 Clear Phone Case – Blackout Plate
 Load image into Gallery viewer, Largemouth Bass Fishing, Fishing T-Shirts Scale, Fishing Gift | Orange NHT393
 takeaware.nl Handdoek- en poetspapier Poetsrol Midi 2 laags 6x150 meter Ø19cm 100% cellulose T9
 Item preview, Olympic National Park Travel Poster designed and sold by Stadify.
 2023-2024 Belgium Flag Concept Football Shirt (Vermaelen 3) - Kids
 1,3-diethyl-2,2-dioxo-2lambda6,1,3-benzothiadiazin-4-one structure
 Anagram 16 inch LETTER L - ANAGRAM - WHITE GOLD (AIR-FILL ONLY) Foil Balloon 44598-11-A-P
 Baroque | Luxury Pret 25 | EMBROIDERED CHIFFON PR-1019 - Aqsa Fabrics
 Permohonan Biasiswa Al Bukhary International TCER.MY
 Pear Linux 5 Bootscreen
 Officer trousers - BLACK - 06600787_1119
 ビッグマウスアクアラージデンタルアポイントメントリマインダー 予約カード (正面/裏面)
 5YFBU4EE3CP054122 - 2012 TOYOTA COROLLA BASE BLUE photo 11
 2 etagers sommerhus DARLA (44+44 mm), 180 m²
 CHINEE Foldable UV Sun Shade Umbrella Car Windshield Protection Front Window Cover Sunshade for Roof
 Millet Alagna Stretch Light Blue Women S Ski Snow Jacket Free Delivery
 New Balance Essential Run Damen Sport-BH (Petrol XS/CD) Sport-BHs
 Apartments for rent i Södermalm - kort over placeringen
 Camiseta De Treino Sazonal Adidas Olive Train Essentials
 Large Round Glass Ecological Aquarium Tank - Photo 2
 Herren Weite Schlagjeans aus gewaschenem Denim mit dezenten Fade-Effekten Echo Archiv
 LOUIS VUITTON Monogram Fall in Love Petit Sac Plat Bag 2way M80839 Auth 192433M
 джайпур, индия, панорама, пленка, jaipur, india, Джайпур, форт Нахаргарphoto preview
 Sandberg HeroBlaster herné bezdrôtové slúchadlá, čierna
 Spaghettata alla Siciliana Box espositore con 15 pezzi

Instructions for the task: Each line, starting with the one that holds "Millet Alagna Stretch" and ending with the last line of the listing, is to be restated exactly.

Answer for this exercise:
 Millet Alagna Stretch Light Blue Women S Ski Snow Jacket Free Delivery
 New Balance Essential Run Damen Sport-BH (Petrol XS/CD) Sport-BHs
 Apartments for rent i Södermalm - kort over placeringen
 Camiseta De Treino Sazonal Adidas Olive Train Essentials
 Large Round Glass Ecological Aquarium Tank - Photo 2
 Herren Weite Schlagjeans aus gewaschenem Denim mit dezenten Fade-Effekten Echo Archiv
 LOUIS VUITTON Monogram Fall in Love Petit Sac Plat Bag 2way M80839 Auth 192433M
 джайпур, индия, панорама, пленка, jaipur, india, Джайпур, форт Нахаргарphoto preview
 Sandberg HeroBlaster herné bezdrôtové slúchadlá, čierna
 Spaghettata alla Siciliana Box espositore con 15 pezzi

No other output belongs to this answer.